There are writing, speaking classes, mock interviews, even sartorial lessons. There are also visits to temples, gurudrawas, churches and dargahs. And yet Piya doesn’t get in, but Raj’s minion’s daughter does, under the RTE (Right to Education) quota.
So Mitthu and Raj decide to go garib and move to a one-room house in Bharat Nagar. There’s no running water, but there’s a nightly visitor Piya calls Jerry.
Here they meet Shyam Prakash (Deepak Dobriyal) and his wife Tulsi, and this is where Hindi Medium acquires a heart.
Shyam gives this snapshot of urban poverty a pulse, and the the story, as it unfolds, exposes our personal hypocrisy and dishonesty, as well as institutional fraud.
Hindi Medium asks us to think why and when sarkari schools stopped being an option for our kids, and then twists the knife by casting us as both, the accused and the judge.
Hindi Medium was written — by director Saket Chaudhary and Zeenat Lakhani — to entertain us while teaching us a thing or two about ourselves. To do this, it resorts to some time-tested clichés — poor are good, rich are bad — and the accompanying exaggerations, of characters and situations.
The world, according to Hindi Medium, is split between the superficial, dishonest rich who are mean, rude and powerful, and the poor who are disempowered and yet dildaar.
It’s a bitchfest every time the film is around the rich with their perennially pursed lips. And when the film is around Shyam and his ilk, it’s sunny side up.
Hindi Medium takes liberties with logic and common sense, but is adorably sincere in its dedication to its cause. It’s also brave. Hindi Medium dares to humiliate its lead pair, and us.
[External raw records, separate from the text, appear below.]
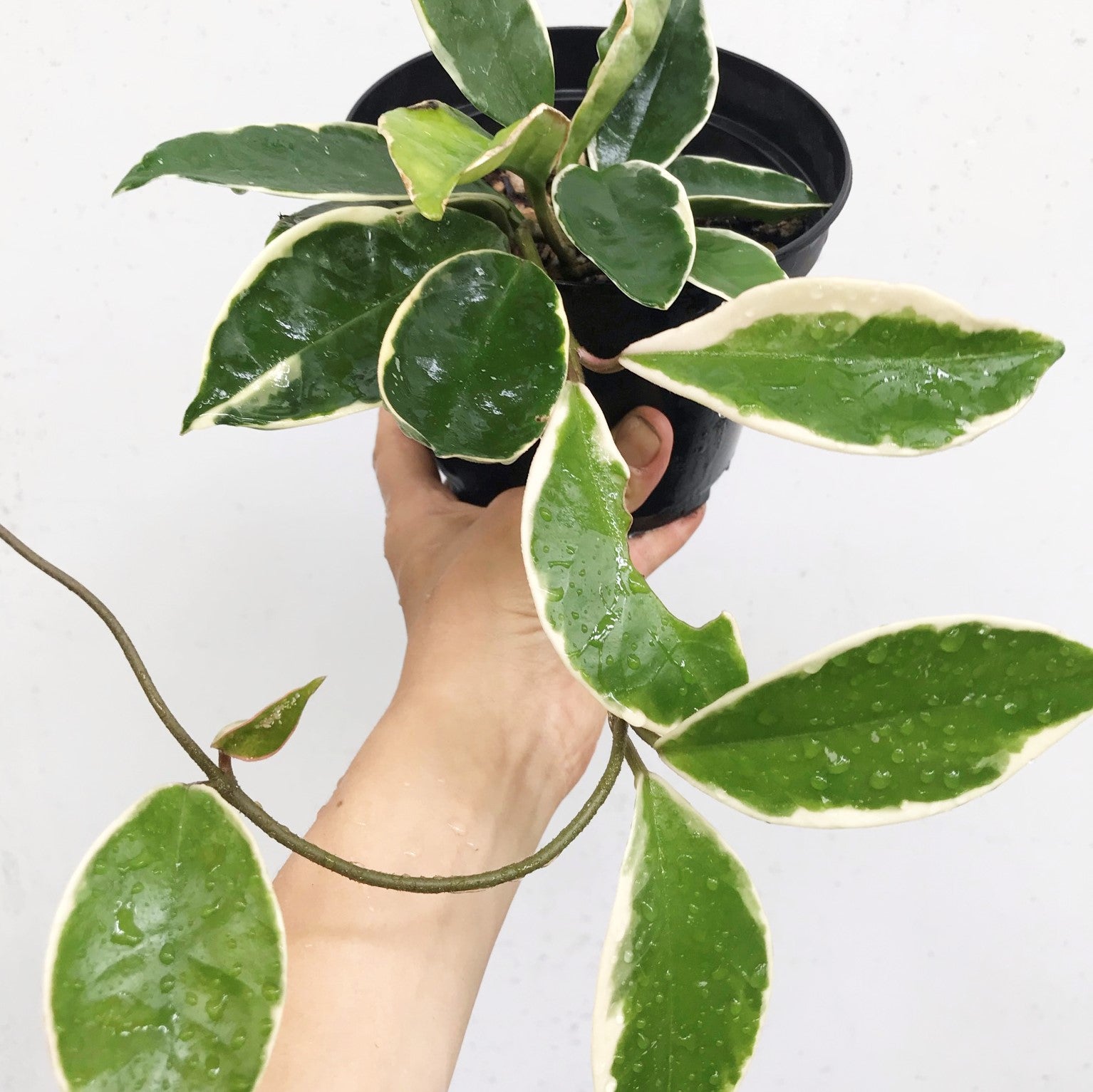 Hoya carnosa tricolor 'Krimson Queen' - Variegated Wax Plant
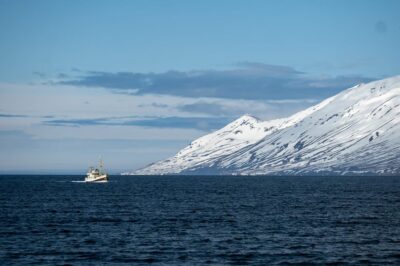 Hauganes: Whale Watching North Iceland - The Oak Boats and Local Crew: Comfort First, Whales Second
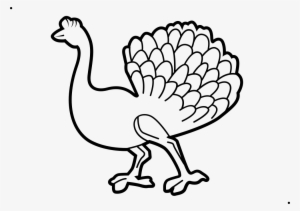 Peacock - Stroke Comments - Cartoon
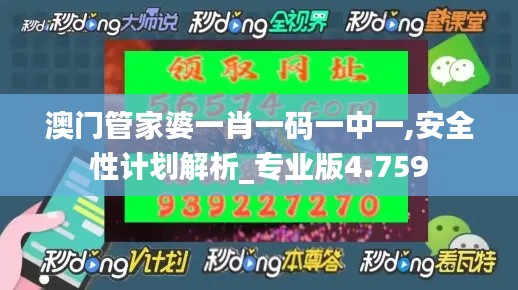 澳門管家婆一肖一碼一中一,安全性計(jì)劃解析_專業(yè)版4.759
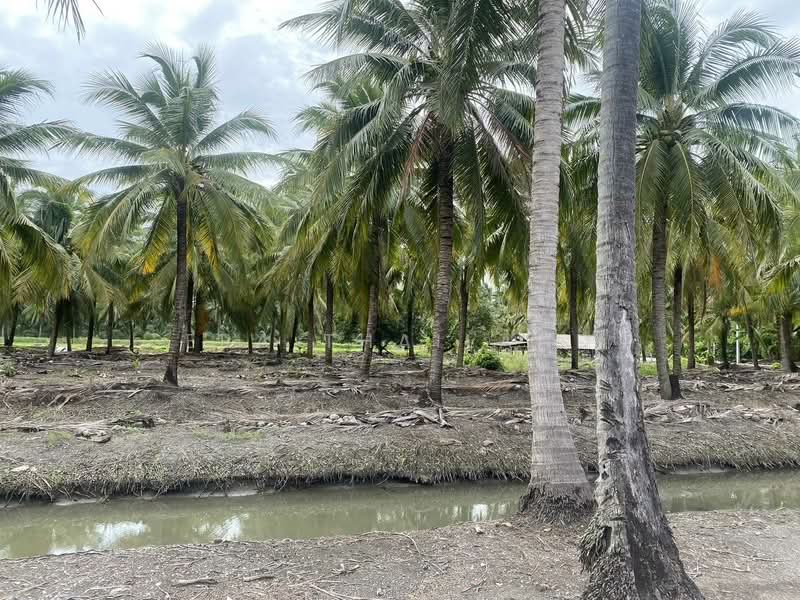 ขาย ที่ดิน 5 ไร่ เหมาะสำหรับทำการเกษตรและปลูกบ้าน คลองใหม่สามพรานนครปฐมที่สวยมาก, Nakhon Pathom, Khlong Mai, Sam Phran, Nakhon Pathom, , 8,000 sqm, Land For Sale, by ERA Thailand, 500434077 - DDproperty.com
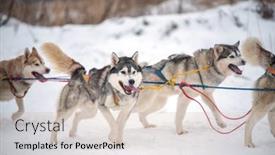  Presentation with dogs - Colorful presentation enhanced with speed-races-with-haski-dogs backdrop and a soft green colored foreground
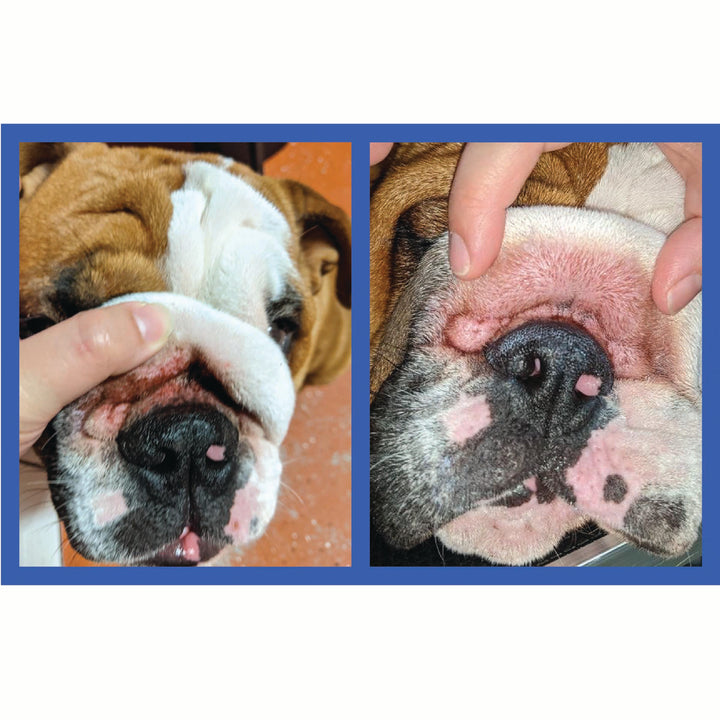 Squishface Wrinkle Paste English Bulldog Bully Nose Rope Wrinkle Wrinkles Tear Stain TearStains TearStaining Tear Staining Skinfold Skin Fold Dirty Raw Red Irritated Yeast Infected Infection Before After Photo Pic Pics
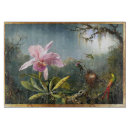 Search for rain forest Flowers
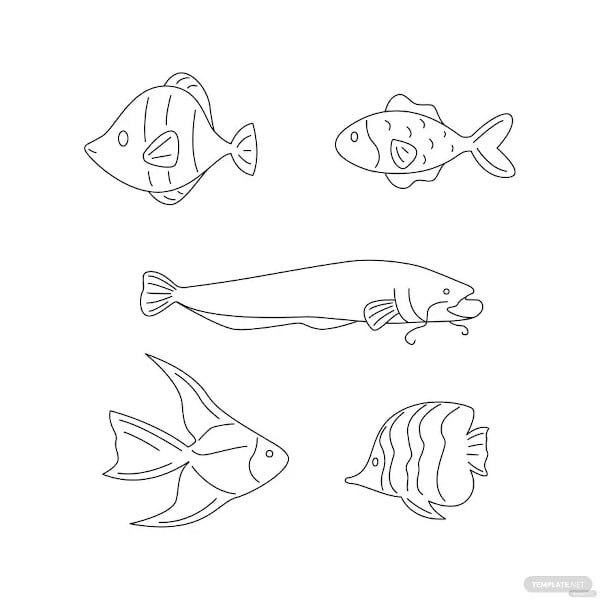 fish outline vector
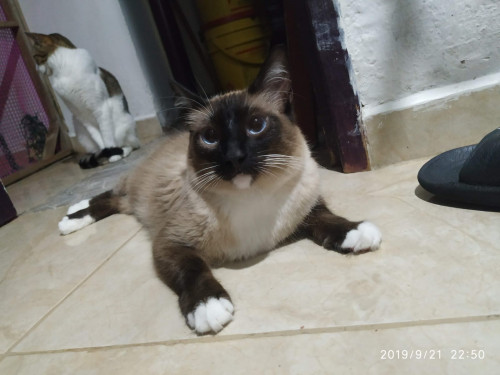Simón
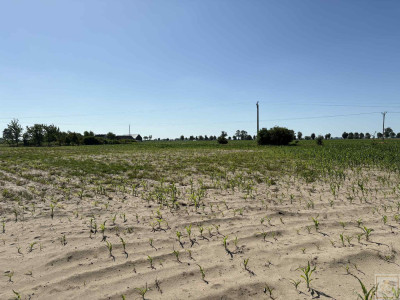 Twoja prywatna natura za niewielkie pieniądze - Osowo Stare  -
wielkopolskie Zdjęcie nr 4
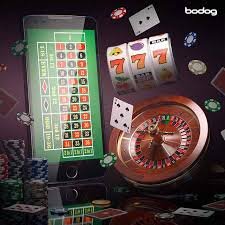 nova bet nova bet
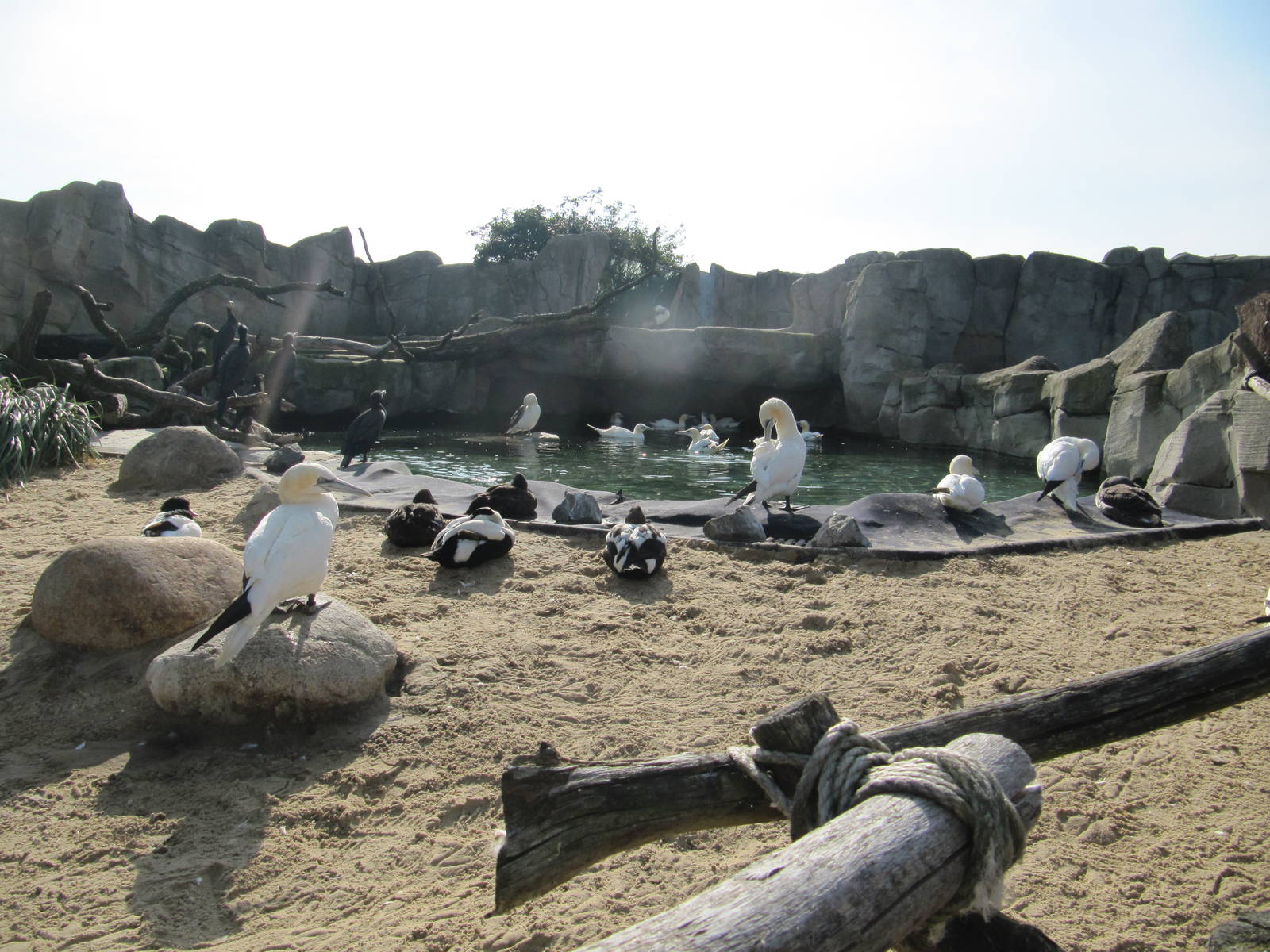 Northern Gannet 2010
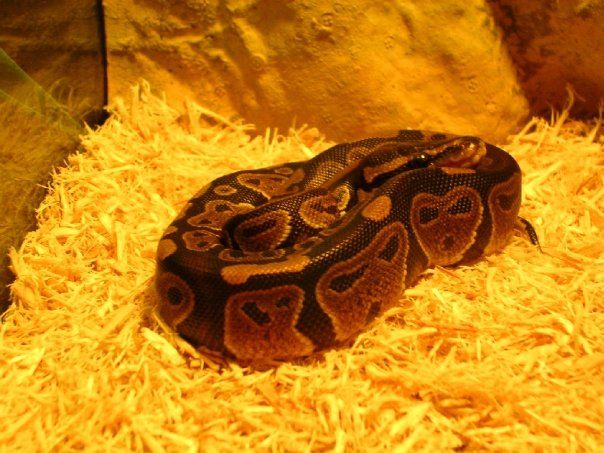 Glaedr on the day I brought him home.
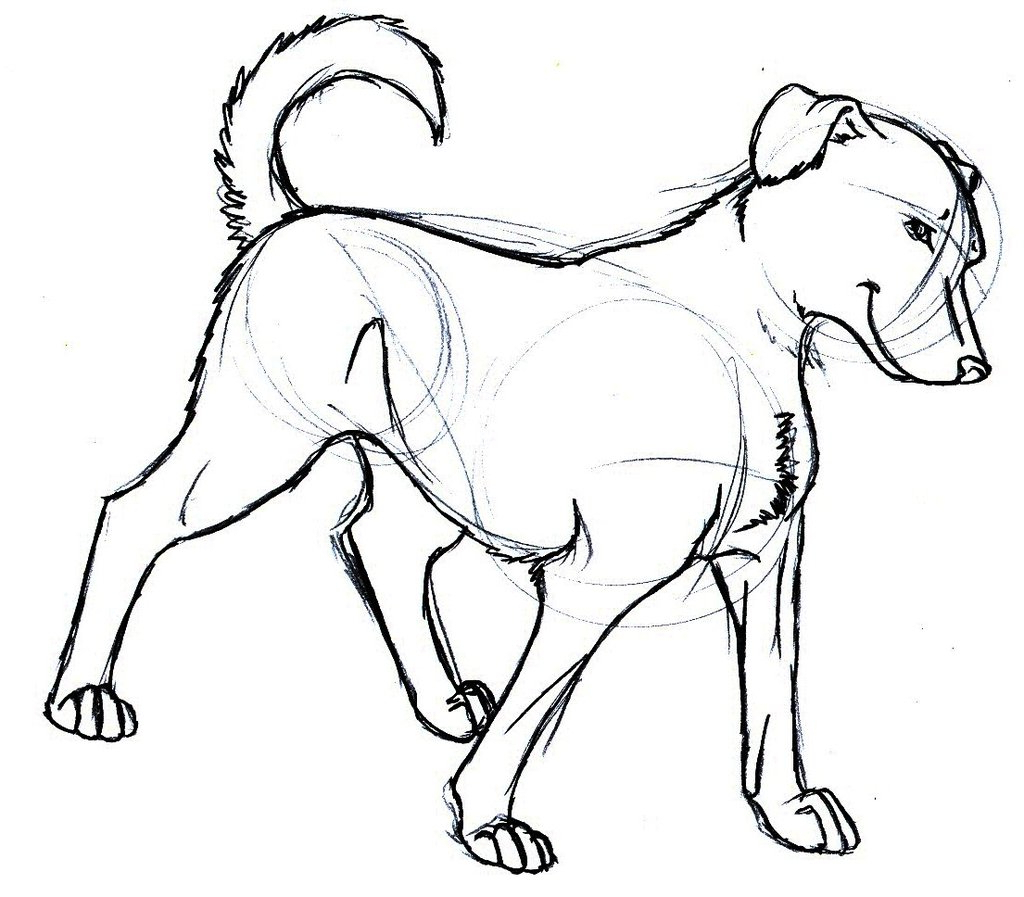 1024x897 Simple Drawing Of Dog Free Download Dog Drawings Simple Dog Sketch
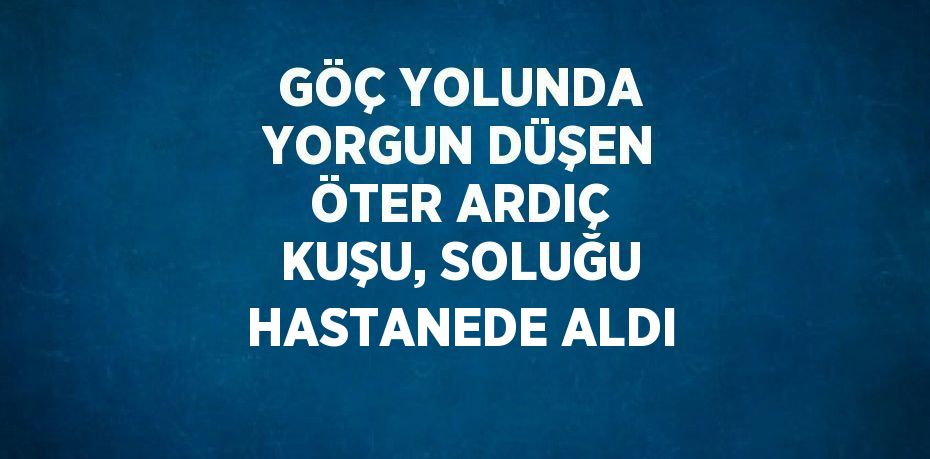 GÖÇ YOLUNDA YORGUN DÜŞEN ÖTER ARDIÇ KUŞU, SOLUĞU HASTANEDE ALDI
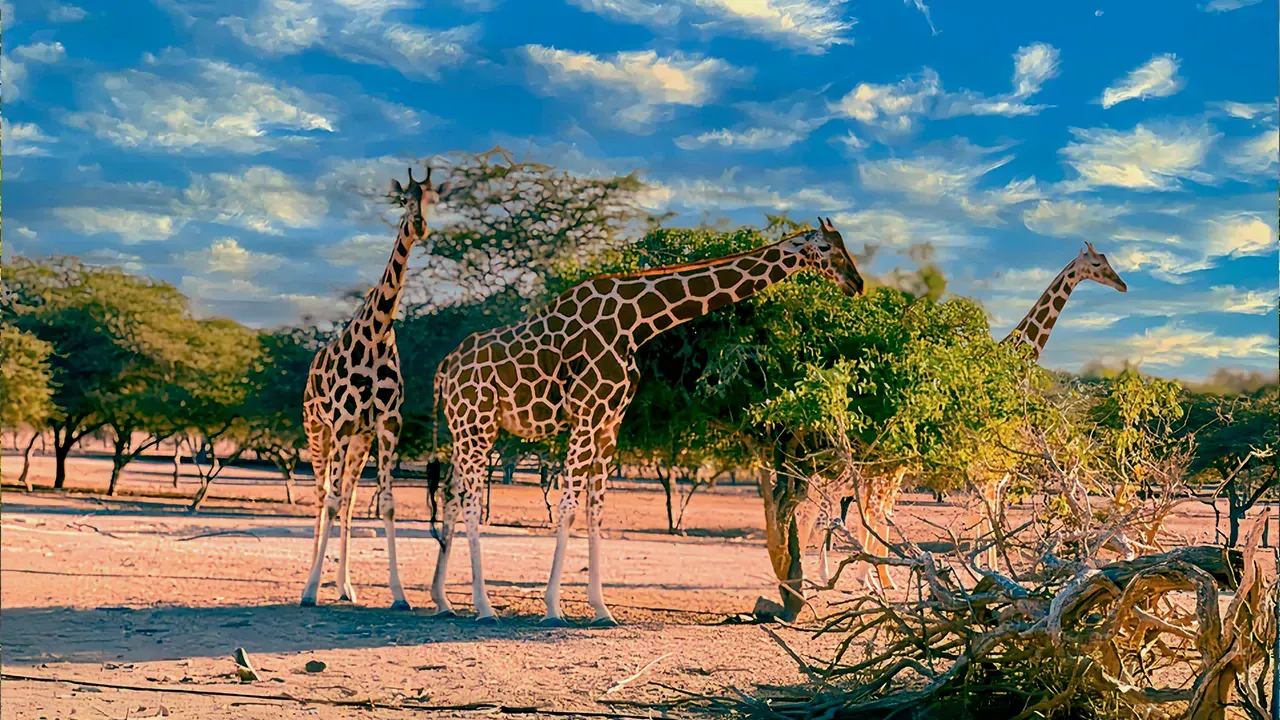Nature and Wildlife Drive Sir Bani Yas Island Trip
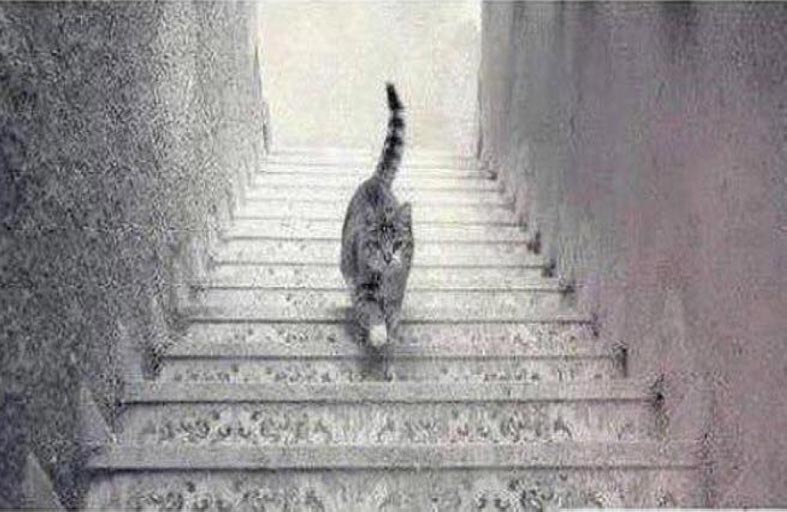 يصعد أم يهبط؟ صورة القط المحيرة تحدد مدى ذكائك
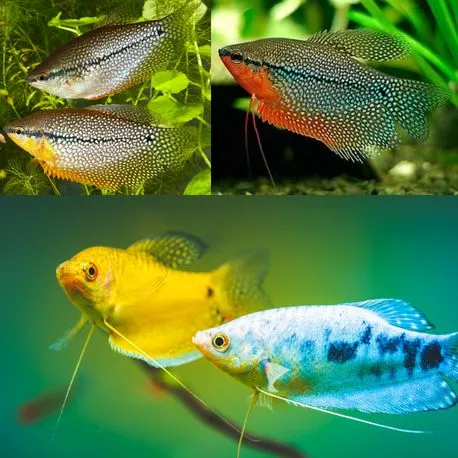 Trichogaster Trichopterus - Gouramis assortis 6-8 cm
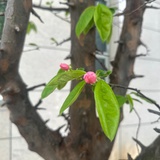 木夕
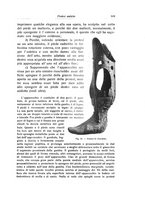 giornale/RML0015994/1924-1925/unico/00000563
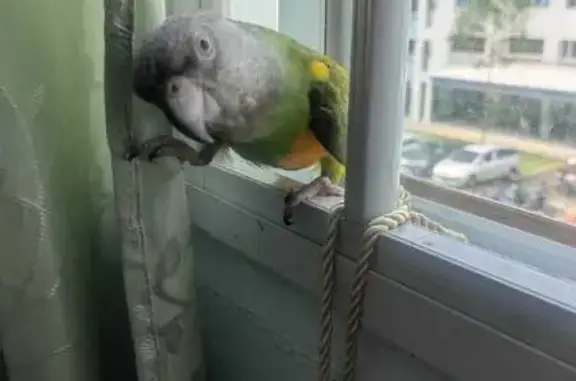 Lost Bird: Kaya, Grey Head & Yellow Belly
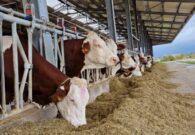 Zootecnia da latte, la Regione sperimenta nuove pratiche gestionali innovative e sostenibili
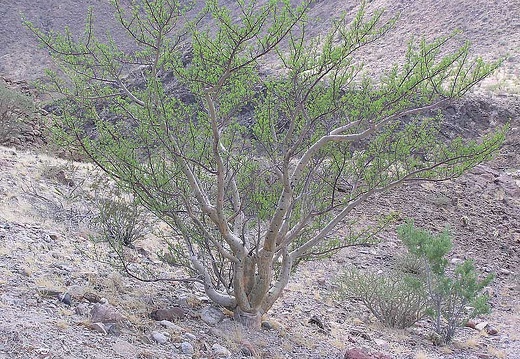 Baja (California) (1741 відвідувань) Фото Стивена Брэка (Steven Brack, Belen, New Mexico)
Baja (California)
Chaudhary’s Hindi Medium, though inspired by the 2014 Bengali film Ramdhanu, goes above and beyond, in scope and skill.
Its screenplay and direction are deviously intelligent, and it has crackling dialogue (by Amitosh Nagpal) and superb performances.
Saba Qamar is very good as the gently obsessive wife. She remains calm, composed and in control of her not-so-chamkila role, allowing Irrfan to bounce off her and shine again and again.
But, when faced with Deepak Dobriyal, Mr Khan seemed a bit stunned, happily zapped almost, as if delighted to pause and watch this actor surrender completely to his character.
Irrfan Khan is like a show-offy Mohiniyattam dancer — dramatic, self-conscious, studied but stunning. What he does here is an act he’s honed, from Syska LED bulbs to this. It’s entertaining, but it’s a routine.
Deepak Dobriyal is like a Kalaripayattu performer whose range and skill keep growing with each act, often unbeknown even to himself.
Dobriyal is an actor who’d take a freefall from the top of a building and, while lying on a gurney, would ask the director, “Sir, take theek tha kya? Ek aur de-doon?”
His is the sort of acting that often goes unsung — the story of character actors who are eulogised only in their obituaries. But it’s also the sort of acting that makes cinema memorable. Because when you see it, discover it, it doesn’t leave you.